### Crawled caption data
════

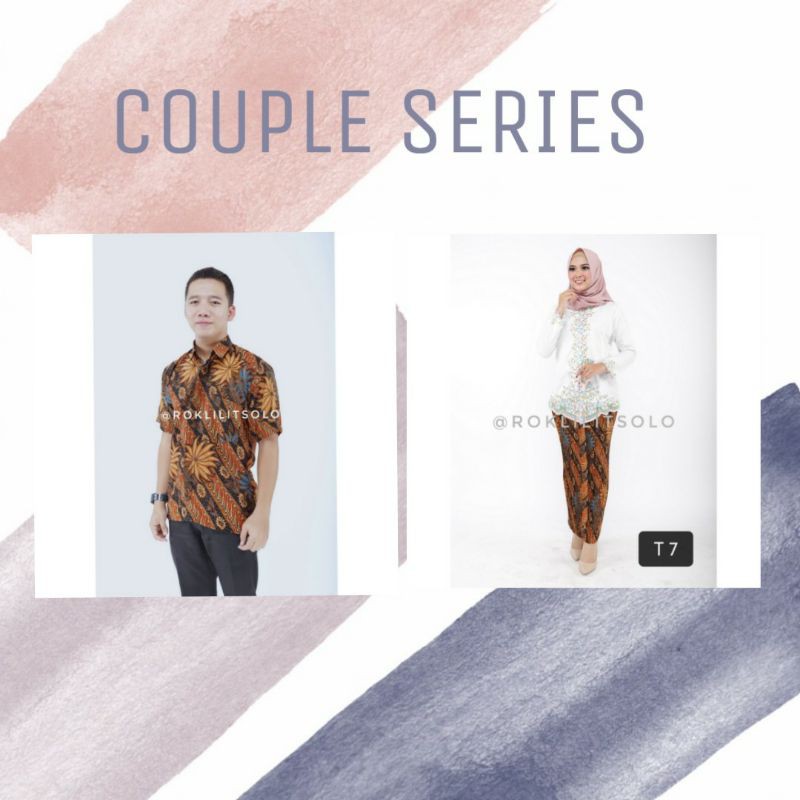 Couple batik  motif jokowi biru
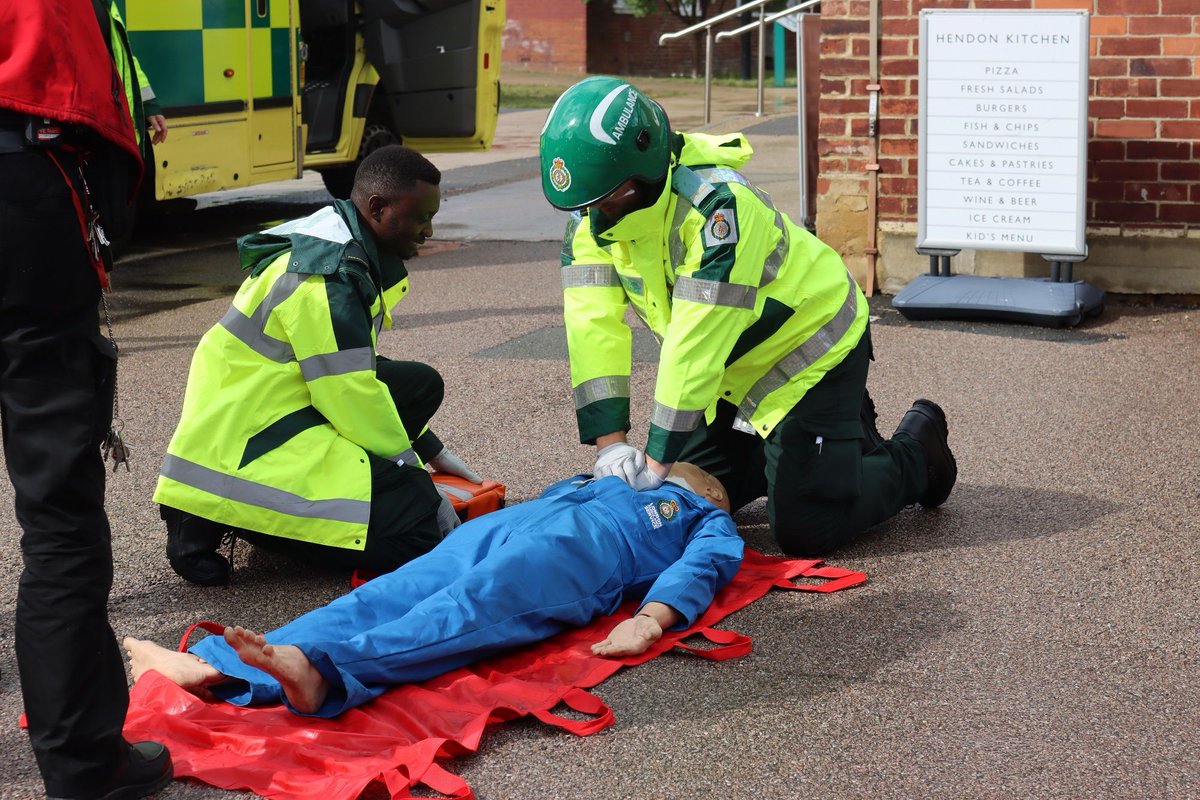 Earlier this month we joined <a href="/LondonFire/">London Fire Brigade</a>, <a href="/metpoliceuk/">Metropolitan Police</a> other emergency services partners for a training exercise at the @RAFMuseum in Colindale.

Multi-agency training like this gives our teams valuable hands-on experience to prepare for real major incidents and emergencies.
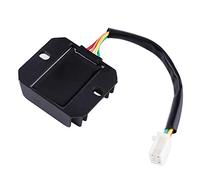 HEEPDD 4 Wires 4 Pins Motorcycle Regulator Rectifier, Durable Aluminium Alloy, Excess Voltage Dissipation, Universal Fit for Motorbike and Scooter Wires Pins Motorcycle (Black)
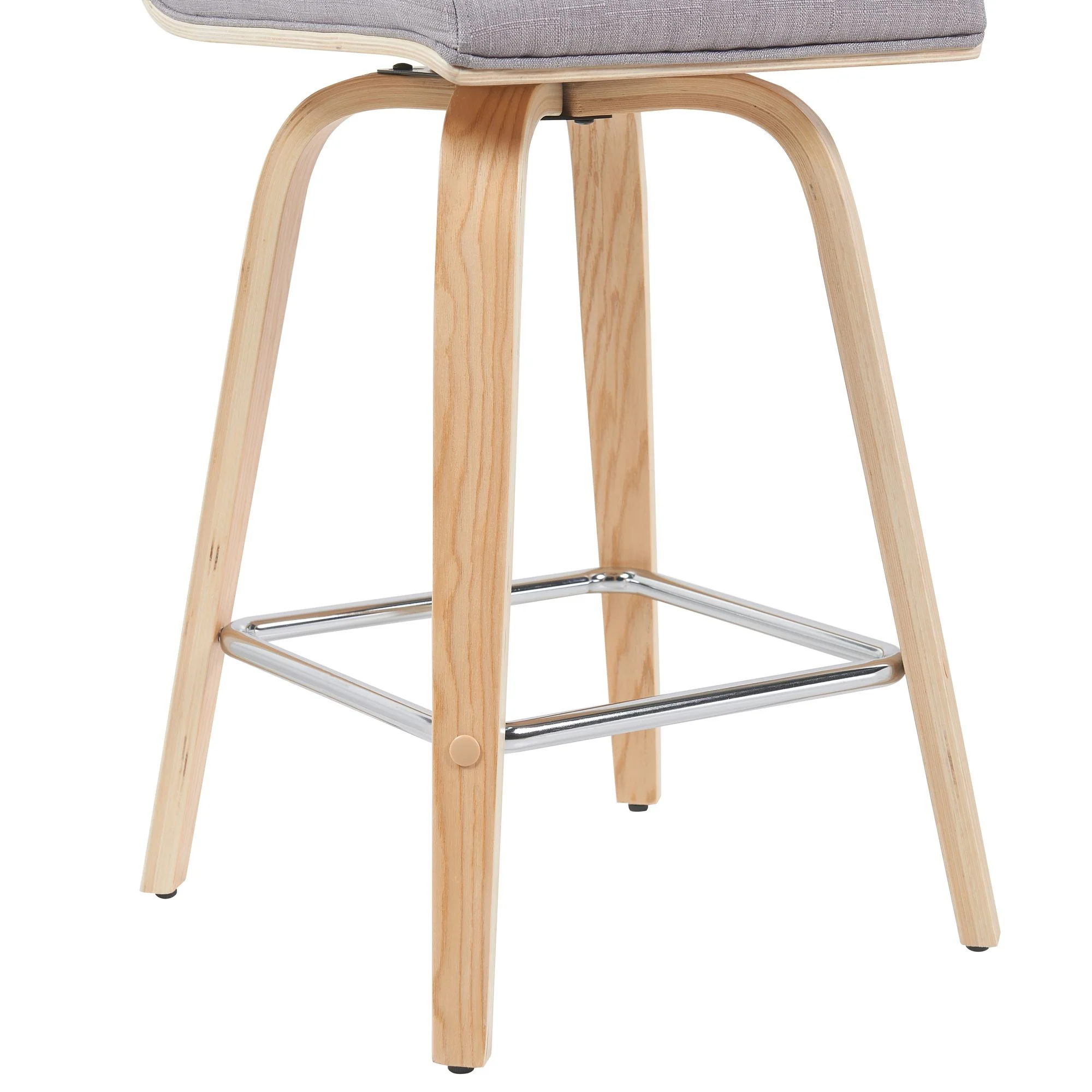 Vienna - Modern Counter Height Swivel Bar Stool - Patterned Oak Wood Frame - Image 27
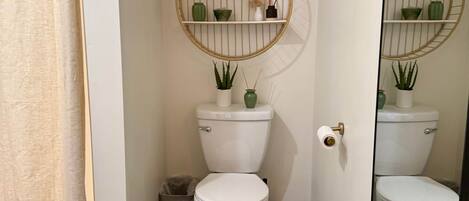 A bathroom with two toilets, a round shelf with plants, a white toilet paper holder, a trash bin, and a wooden floor.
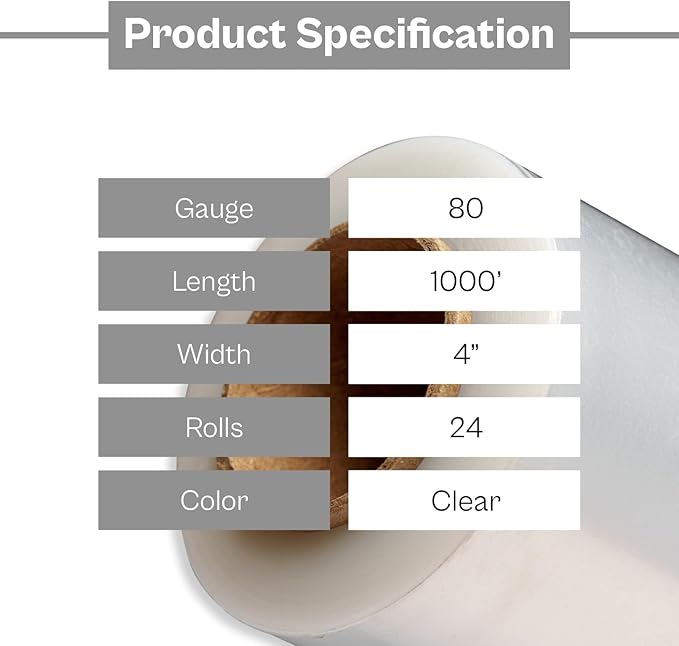 PSBM 24 Rolls 4 Inch x 1000 Feet 80 Gauge Mini Stretch Film/Wrap with Plastic Handle, Heavy Duty Industrial Strength Clear Shrink Plastic Wrap for Moving, Packing, Shipping, Bundling & Storage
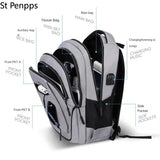 Large Men Backpack Laptop 15.6 Oxford Gray Solid Teen College Student Back Pack
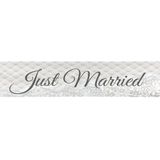 Just Married bruiloft versiering banner 360 cm - Huwelijk feestartikelen en versieringen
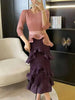 French Irregular Women's Pleated Dress O-neck Tie Three Quarter Sleeve Temperament Cake Dresses Spring 2DE172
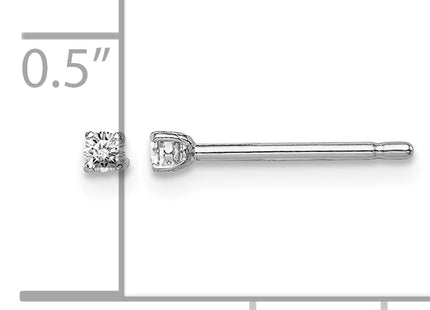 Sterling Silver Madi K Rhodium-plated Round CZ Children's Stud Earrings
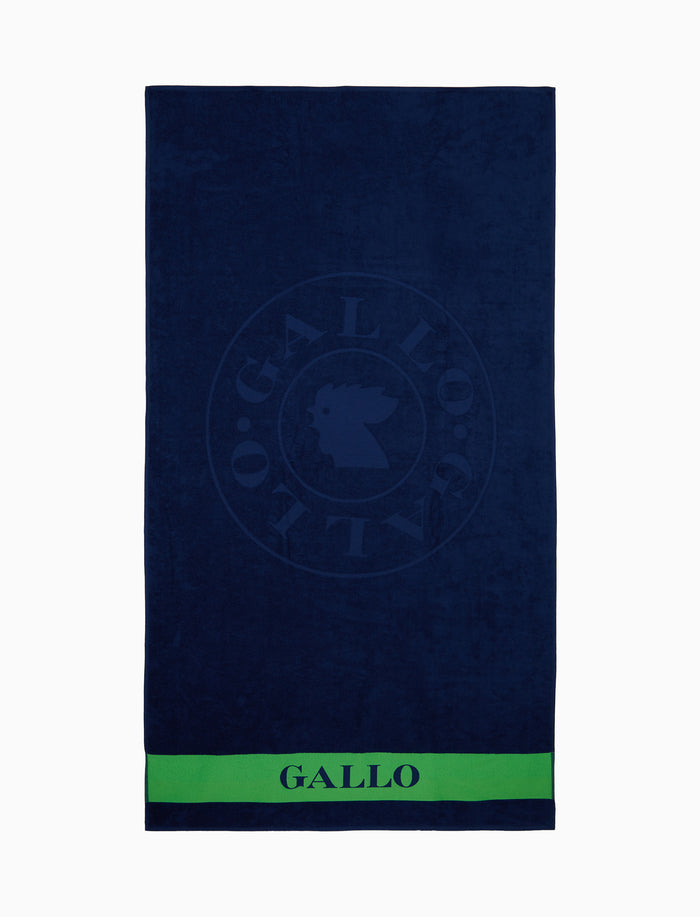 Telo mare unisex cotone tinta unita con logo gallo blu - Gallo 1927 - Official Online Shop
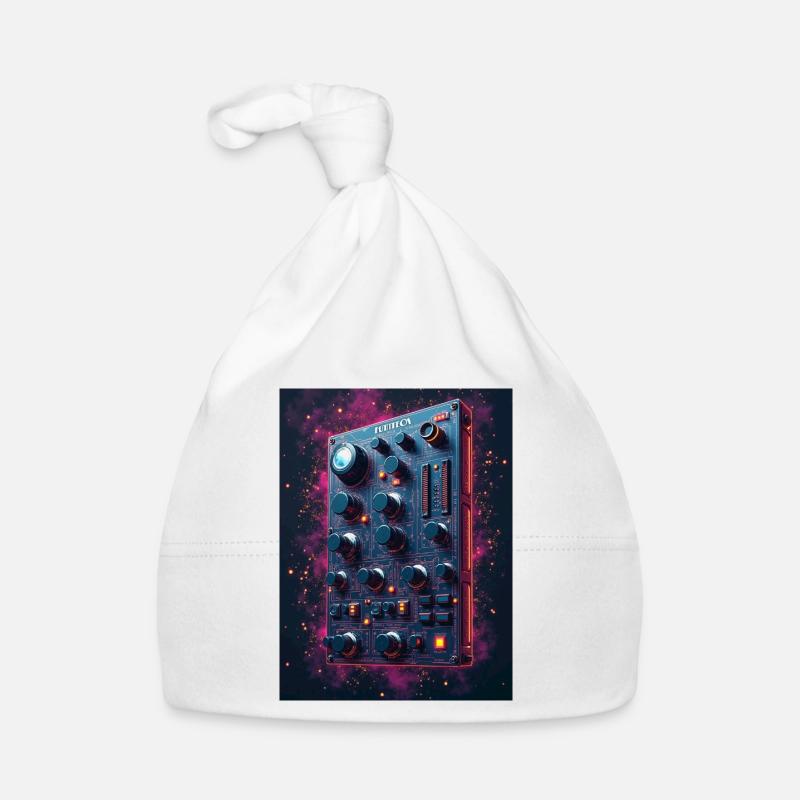Futuristic synthesizer in space design - Organic Baby Cap - white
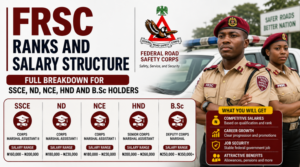 FRSC Ranks and Salary Structure 2026 | Full Breakdown for SSCE, ND, NCE, HND and B.Sc Holders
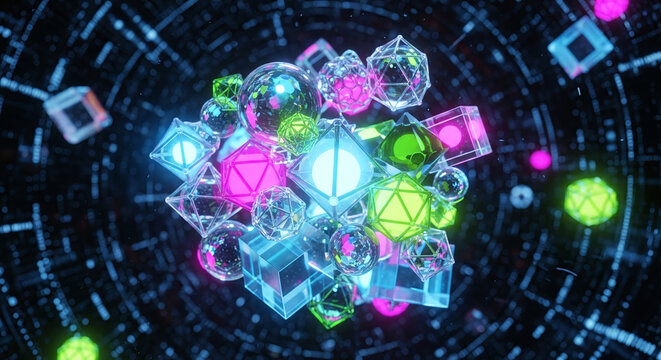 Abstract Digital Data Flow Geometric Shapes Neon.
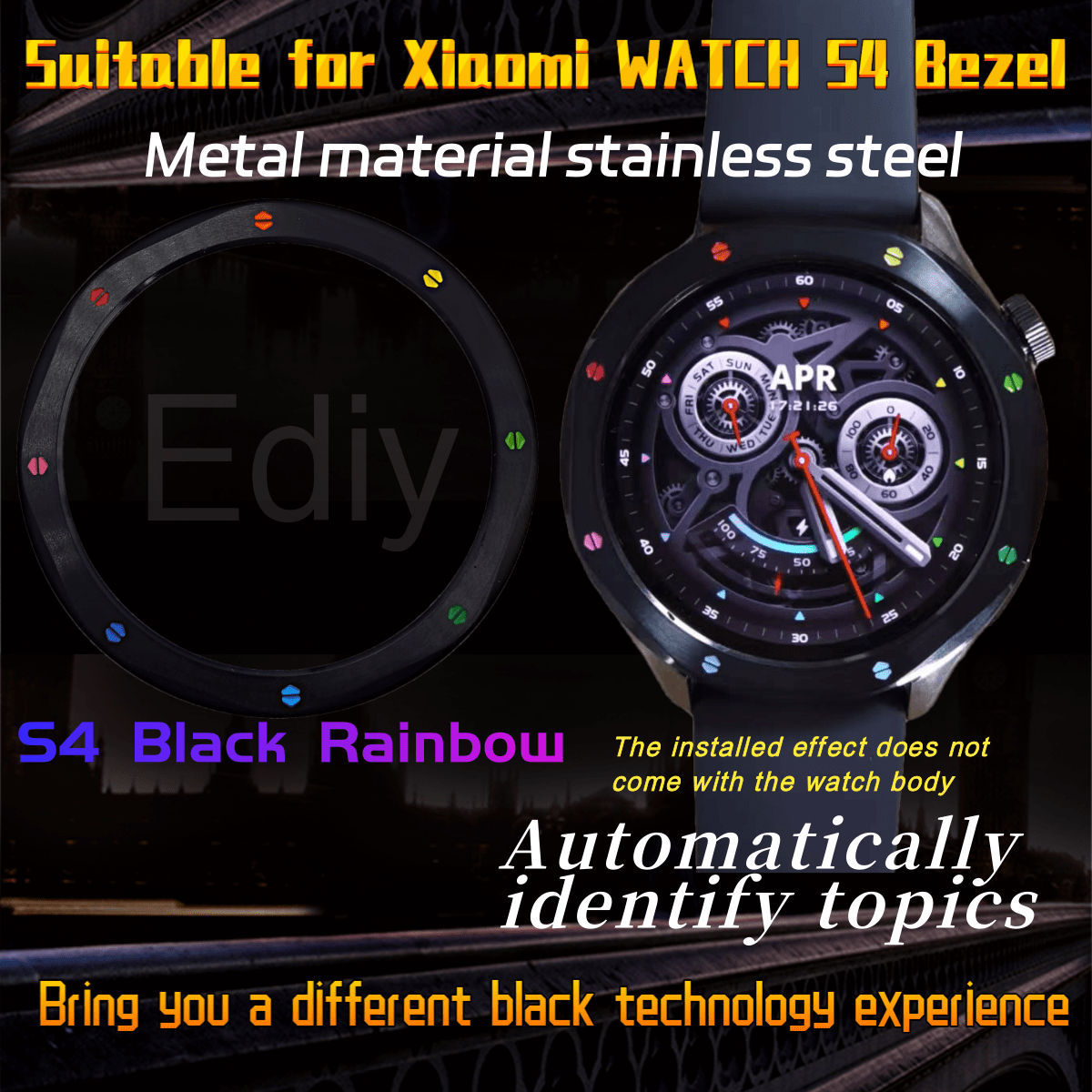 Xiaomi Smartwatch S3 Accessories - Metall-Lünettenring Uhrengehäuse Gehärteter Glasfilm Metall-Lünetten-Ersatzgehäuseabdeckung für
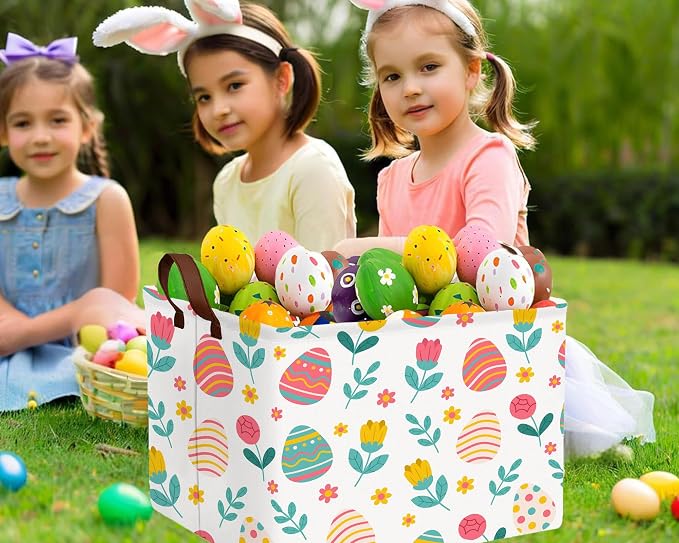 Large Rectangular Easter Baskets Empty Waterproof Boy Toy Box Foldable Kid's Gifts Storage Bin Spring Room Decor(Rose Egg)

════

### Exercise instructions
The records above should be returned exactly; no image belongs in the copy.

### Exercise result
 Couple batik  motif jokowi biru
 Earlier this month we joined <a href="/LondonFire/">London Fire Brigade</a>, <a href="/metpoliceuk/">Metropolitan Police</a> other emergency services partners for a training exercise at the @RAFMuseum in Colindale.

Multi-agency training like this gives our teams valuable hands-on experience to prepare for real major incidents and emergencies.
 HEEPDD 4 Wires 4 Pins Motorcycle Regulator Rectifier, Durable Aluminium Alloy, Excess Voltage Dissipation, Universal Fit for Motorbike and Scooter Wires Pins Motorcycle (Black)
 Vienna - Modern Counter Height Swivel Bar Stool - Patterned Oak Wood Frame - Image 27
 A bathroom with two toilets, a round shelf with plants, a white toilet paper holder, a trash bin, and a wooden floor.
 PSBM 24 Rolls 4 Inch x 1000 Feet 80 Gauge Mini Stretch Film/Wrap with Plastic Handle, Heavy Duty Industrial Strength Clear Shrink Plastic Wrap for Moving, Packing, Shipping, Bundling & Storage
 Large Men Backpack Laptop 15.6 Oxford Gray Solid Teen College Student Back Pack
 Just Married bruiloft versiering banner 360 cm - Huwelijk feestartikelen en versieringen
 French Irregular Women's Pleated Dress O-neck Tie Three Quarter Sleeve Temperament Cake Dresses Spring 2DE172
 Sterling Silver Madi K Rhodium-plated Round CZ Children's Stud Earrings
 Telo mare unisex cotone tinta unita con logo gallo blu - Gallo 1927 - Official Online Shop
Futuristic synthesizer in space design - Organic Baby Cap - white
 FRSC Ranks and Salary Structure 2026 | Full Breakdown for SSCE, ND, NCE, HND and B.Sc Holders
 Abstract Digital Data Flow Geometric Shapes Neon.
 Xiaomi Smartwatch S3 Accessories - Metall-Lünettenring Uhrengehäuse Gehärteter Glasfilm Metall-Lünetten-Ersatzgehäuseabdeckung für
 Large Rectangular Easter Baskets Empty Waterproof Boy Toy Box Foldable Kid's Gifts Storage Bin Spring Room Decor(Rose Egg)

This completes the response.